This blog attracts a lot of silent readers. Last November, one of my readers wrote to me with his story of how he was starting to use Evernote for ePortfolios in his grade 3-5 classroom. I am adding a version of the story about this school's experience into my book. Students in the intermediate classrooms (grades 3-5) in the Trillium Charter School (Portland, OR) are documenting their learning using Evernote on desktop computers, iPod Touch 4 (with the built-in camera), the teacher's iPhone and soon an iPad, with the addition of a wireless printer/scanner that can email scanned student work directly into their Evernote accounts. (They use a LexMark Pinnacle Pro 901 All-in-One that will scan paper on both sides... the biggest technical challenge was getting these printers set up, and adding all student Evernote email addresses). The Intermediate teachers have all adopted this process since the first of this calendar year, each adding one-to-three iPod Touch devices to supplement the three or four Free Geek donated Linux desktop computers in each classroom. I saw students choose the device they wanted to use to document their projects, with reflection scaffolded by a Portfolio Artifact and Reflection form that they could complete by hand and scan along with other paper or media.
The teachers assign time to work on Evernote every day, as a way for students to set goals and document their progress toward achieving their goals. On the day I visited, students were able to go to the only lab in the school, to work on their reflections. They preferred doing most of their writing with a regular keyboard, not the tiny keyboard on the iPod Touch, but they used its camera extensively to document their projects. This picture was taken with my iPhone directly into the Evernote app which uploaded to my account on the Evernote website. I was able to download the image from Evernote to my laptop to insert into this blog entry (I didn't figure out whether I could link to the image directly). What I found to be innovative about this process was the seamless way that the students could take a picture of a project with the iPod Touch, which automatically saved it to their Evernote accounts. They could add reflections and tags with either the iPod Touch or with one of the classroom computers.
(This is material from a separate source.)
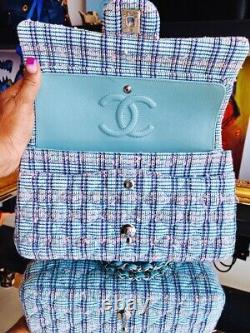 Classique Moyen Chanel Quilted Tweed Flap Bag Bleu, Blanc, Rose, Vert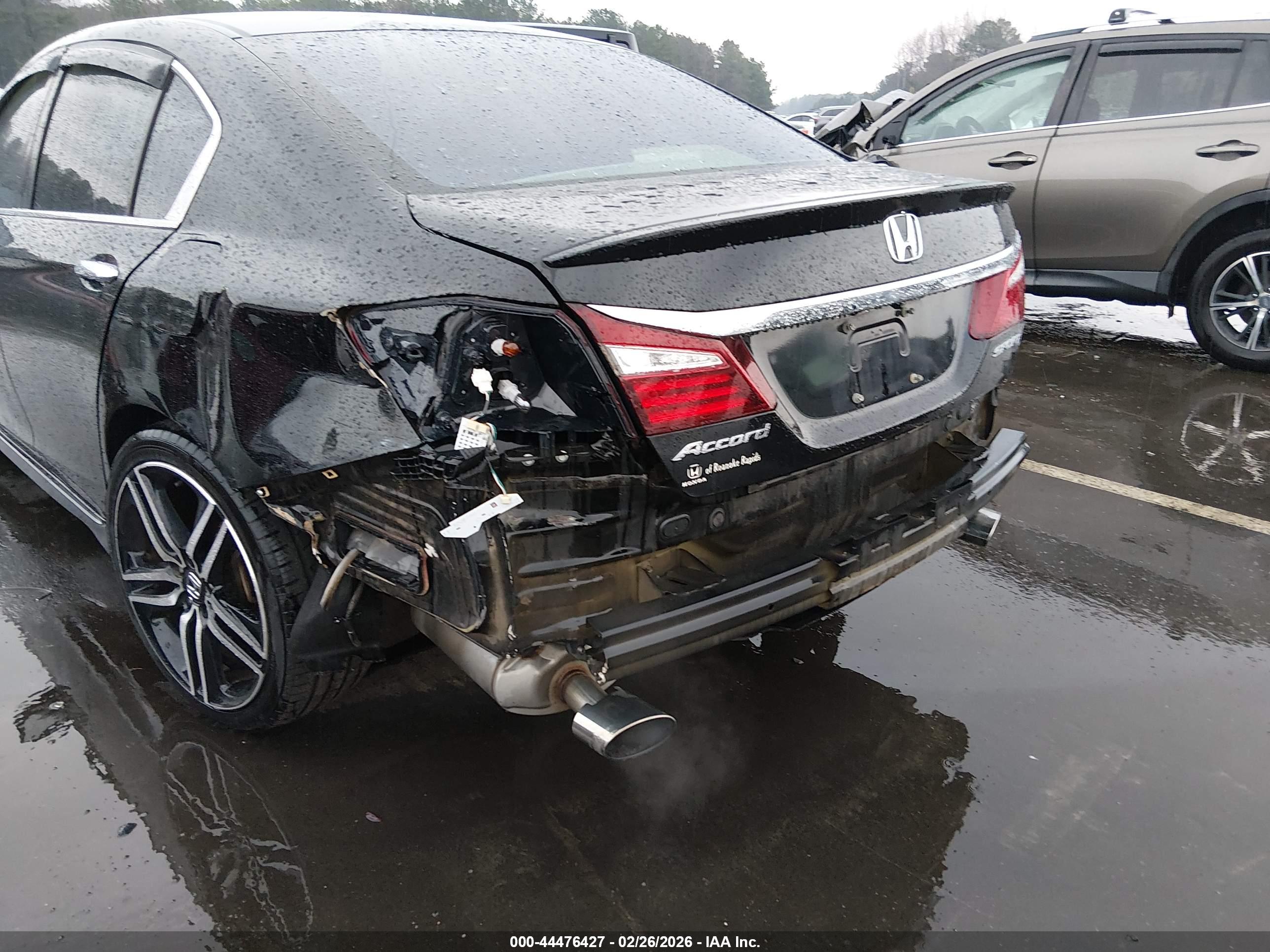 HONDA ACCORD image 6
The students led parent conferences, and shared their Evernote accounts with their parents. Attached is their Conference Checklist. I also have permission to share part of a letter that was sent home to parents, to explain the use of Evernote. The students tag their work (with required tags plus their own) so that the teacher can easily review categories/collections of work; unfortunately, Evernote cannot be used to provide feedback... the teacher needs to send an email with feedback. The students are being encouraged to use Evernote over the summer if they see something cool (what I call "capturing the moment)!" The real advantage is the simplicity: students write directly into Evernote, and don't have to open a word processor on their home computers, and then copy/paste into a portfolio program. The students are developing "Working ePortfolios" to document learning anytime, anywhere. Imagine what would happen if every student had a mobile device...although having three or four in a classroom with classroom computers and occasional visits to a lab, seemed to work just fine! The students are not developing public presentation portfolios, although they could be shared with their teachers and families; they are documenting their learning and progress toward achieving their goals... and they were engaged and seemed to own the process!
The teachers assign time to work on Evernote every day, as a way for students to set goals and document their progress toward achieving their goals. On the day I visited, students were able to go to the only lab in the school, to work on their reflections. They preferred doing most of their writing with a regular keyboard, not the tiny keyboard on the iPod Touch, but they used its camera extensively to document their projects. This picture was taken with my iPhone directly into the Evernote app which uploaded to my account on the Evernote website. I was able to download the image from Evernote to my laptop to insert into this blog entry (I didn't figure out whether I could link to the image directly). What I found to be innovative about this process was the seamless way that the students could take a picture of a project with the iPod Touch, which automatically saved it to their Evernote accounts. They could add reflections and tags with either the iPod Touch or with one of the classroom computers.
The students led parent conferences, and shared their Evernote accounts with their parents. Attached is their Conference Checklist. I also have permission to share part of a letter that was sent home to parents, to explain the use of Evernote. The students tag their work (with required tags plus their own) so that the teacher can easily review categories/collections of work; unfortunately, Evernote cannot be used to provide feedback... the teacher needs to send an email with feedback. The students are being encouraged to use Evernote over the summer if they see something cool (what I call "capturing the moment)!" The real advantage is the simplicity: students write directly into Evernote, and don't have to open a word processor on their home computers, and then copy/paste into a portfolio program. The students are developing "Working ePortfolios" to document learning anytime, anywhere. Imagine what would happen if every student had a mobile device...although having three or four in a classroom with classroom computers and occasional visits to a lab, seemed to work just fine! The students are not developing public presentation portfolios, although they could be shared with their teachers and families; they are documenting their learning and progress toward achieving their goals... and they were engaged and seemed to own the process!
1 comment:
Hmmm. I'm obviously not using Evernote to its full extent. I've just been using it for bookmarking and sharing articles.